On the acquisition date Pharma Manufacturing owned:

An option to purchase 500,000 shares of common stock of Bioenvision, Inc., a
publicly traded company. The option was granted at $1.25 per share and Pharma
Manufacturing carried the investment at no cost;

An investment in Enhance Biotech, Inc. including 3,321,750 common shares
accounted for under the equity method and carried at a cost of $1,815 and
warrants to purchase 1,500,000 common shares at $1.00 per share, carried at no
cost; and

An investment of 19,357,000 common shares of Evolve Oncology, Inc., carried at
par value of $.001and reported under the equity method.

A majority holding in nine private biotech companies

                                       12



NOTE 6 - LOANS PAYABLE

BI has a $2,292,783 loan secured by all the assets and future assets of the
company with an interest rate equal to the Applicable Federal Rate, as defined
in Section 1247(d) of the Internal Revenue Code. This amount has been drawn
against the balance of a facility of $7.5 million provided by Technology
Finance, Inc. As of September 30, 2004 and May 31, 2004, the interest rate was
1.5%. The loan matures in two years or upon the earlier closing of a transaction
or series of related transactions in which the company receives at least $15
million of gross proceeds of either a debt or equity financing or if there is a
change of control. A change of control is defined as a merger, consolidation or
any other combination of the company with another entity, the sale of all or
substantially all of the assets of the company, or the purchase of 25% of the
voting stock of the company in a single transaction or a series of related
transactions. Under the terms of the loan, the loan can be converted, in whole
or in part, at the price of the last equity placement the company has conducted,
at the option of the lender, at any time during the term of the facility.
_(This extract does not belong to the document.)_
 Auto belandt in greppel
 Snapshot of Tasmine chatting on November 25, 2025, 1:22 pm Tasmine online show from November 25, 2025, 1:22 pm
The Company has two credit facilities for $12.5million each with Lifescience
Ventures Ltd and Jano Holdings Ltd repayable on the closing of a debt or equity
financing in which the company receives at least $50,000,000 in gross proceeds.
The facilites accrue interest on the outstanding capital at the Applicable
Federal Base Rate. Warrants for 1million shares of common stock at an exercise
price of $14 and 1million shares of common stock at an exercise price of $28
were issued with each facility.

NOTE 7 INVESTMENT IN AFFILIATES

Operating results include BI's proportionate share of loss from affiliates,
which consist of an unconsolidated investment accounted for under the equity
method of accounting. As of September 30, 2004 and May 31, 2004, BI owned
7,496,760 shares or 25.7% of Enhance Biotech, Inc., a publicly held company. BI
recorded a loss of $335,288 for the four-month period ended September 30, 2004,
$251,466 for the three-month period ended September 30, 2004, $83,822 for the
one-month period ended June 30, 2004 and $362,441 for the year ended May 31,
2004. The Company carried the investment on the balance sheet at $3,304,086 as
of September 30, 2004 and at $3,639,374 as of May 31, 2004.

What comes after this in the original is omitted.